▸ Data below

_ _ _ _ _

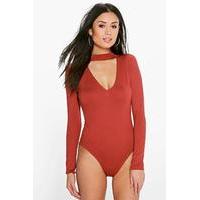 Choker Neck Strap V Plunge Long Sleeve Body - rust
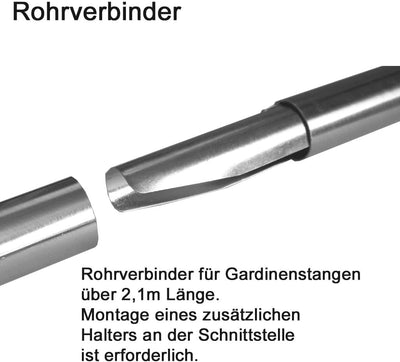 Edelstahl Look Gardinenstange 20mm Wandträger 1-läufig Kristall Spitze, Länge wählbar H50 E37 R, Län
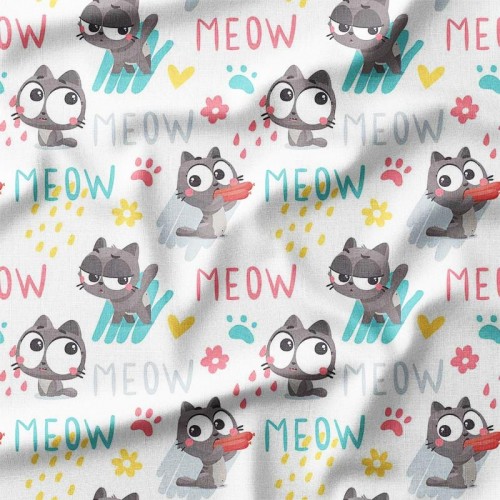 Kotki i napisy MEOW na białym tle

_ _ _ _ _

▸ Instructions for the task
Beginning with the line that holds "Edelstahl Look Gardinenstange" and ending with the last line of the material above, extract every line exactly, pictures excluded.

▸ Result
 Edelstahl Look Gardinenstange 20mm Wandträger 1-läufig Kristall Spitze, Länge wählbar H50 E37 R, Län
 Kotki i napisy MEOW na białym tle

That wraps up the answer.